In recent decades, various methods proposed by researchers have achieved remarkable results in many open datasets. However, in real-time and real scene motion recognition, the theoretical model still cannot achieve satisfactory results. Each algorithm has functional problems to be solved. The specific problems are described as follows: (1) great changes in motion: the complexity of human structure and behavior is an important factor affecting the accuracy of motion recognition, and the expression forms of different human actions are also very different. Also, the similarity between sports has a great impact on the accuracy of sports recognition, such as running and jogging. The difference between them is mainly the difference between human motion frequency and human joint. In the same complex context, it is difficult to distinguish the two actions. (2) The background has great influence: because a large part of human activities is concentrated in the outdoor, the background of human motion video saved by the camera is often complex. In the later stage of motion feature extraction, complex background often produces more noise, which affects the accurate expression of human motion. (3) Data is difficult to obtain and mark: the task of motion recognition is usually to extract the features of the input video data containing human motion and then use a supervised learning algorithm to classify them. To use the supervised learning algorithm, we first need to sample and annotate the data. Video data usually contains a certain length of video frame sequence, and the occurrence of actions is instantaneous and flexible. (4) The difficulty of real-time recognition is great: at present, the research field of motion recognition mainly focuses on the classification of human daily behaviors and actions. The recognition algorithm mainly divides the input video data into several defined action categories after complex processing. However, due to the fast instantaneous change of human motion, it is difficult for the recognition algorithm to accurately recognize the motion in the video in real-time. The above four points are the main difficulties of motion recognition and analysis, and they are also the difficulties that all researchers in the field of motion recognition and human behavior analysis must face. This paper will start with these difficulties, and put forward the author’s solutions for some of them [1–3].

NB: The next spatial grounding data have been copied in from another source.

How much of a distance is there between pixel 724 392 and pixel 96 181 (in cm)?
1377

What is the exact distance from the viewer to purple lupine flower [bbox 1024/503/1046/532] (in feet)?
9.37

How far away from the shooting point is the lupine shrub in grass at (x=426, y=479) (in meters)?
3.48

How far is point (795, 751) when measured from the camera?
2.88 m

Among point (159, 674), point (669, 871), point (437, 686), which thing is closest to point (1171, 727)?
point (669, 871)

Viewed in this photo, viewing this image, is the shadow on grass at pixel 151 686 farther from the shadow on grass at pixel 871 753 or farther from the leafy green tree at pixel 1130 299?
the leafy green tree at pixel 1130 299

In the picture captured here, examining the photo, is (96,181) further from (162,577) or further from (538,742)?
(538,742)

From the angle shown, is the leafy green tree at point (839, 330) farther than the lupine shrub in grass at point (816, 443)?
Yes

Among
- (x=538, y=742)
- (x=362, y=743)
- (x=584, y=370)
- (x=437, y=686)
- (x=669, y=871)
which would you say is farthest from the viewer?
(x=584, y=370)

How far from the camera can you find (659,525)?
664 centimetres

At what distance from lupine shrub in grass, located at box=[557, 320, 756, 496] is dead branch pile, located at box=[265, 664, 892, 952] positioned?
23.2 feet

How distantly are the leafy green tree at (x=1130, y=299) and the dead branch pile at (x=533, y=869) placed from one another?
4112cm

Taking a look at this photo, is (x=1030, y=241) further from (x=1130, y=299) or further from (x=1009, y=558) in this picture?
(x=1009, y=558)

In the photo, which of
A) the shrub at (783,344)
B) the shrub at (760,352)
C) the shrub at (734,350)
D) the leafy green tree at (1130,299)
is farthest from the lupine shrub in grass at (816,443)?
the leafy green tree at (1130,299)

This paper describes the analysis method of sports action, introduces the application model of sports action in the neural network, and points out the shortcomings of the existing traditional neural network recognition methods. Based on previous research, this paper introduces deep learning and fuzzy theory as an optimization algorithm, which combines human body structure feature model, fuzzy theory, and deep learning neural network technology, and is used for sports action classification to build a new intelligent system of deep learning sports action analysis. Through the improvement of deep learning optimization algorithms in machine learning, combined with sports action detection, figure contour extraction, and other technologies, the DBN structure of action recognition is reset. Through the combination of convolution neural network and cyclic neural network, the normalization technology is used to achieve the task of sports action analysis and quantification in this paper. To verify the effectiveness of the proposed intelligent recognition system, the related experiments are established in this paper. In the experiment, the main methods of feature dimension reduction, multi-feature fusion, and particle swarm optimization are used as comparison objects. To ensure the sufficiency of the experimental samples, the experimental samples in this paper are all from the MSR action3d data set, and on this basis, the comparative analysis of action classification performance, delay performance, feature expression performance, and comprehensive accuracy is carried out. The data shows that the quantitative system of sports movement analysis based on deep learning in this paper has higher accuracy than the traditional method, and it also shows obvious advantages in many aspects, such as movement classification, time, and so on.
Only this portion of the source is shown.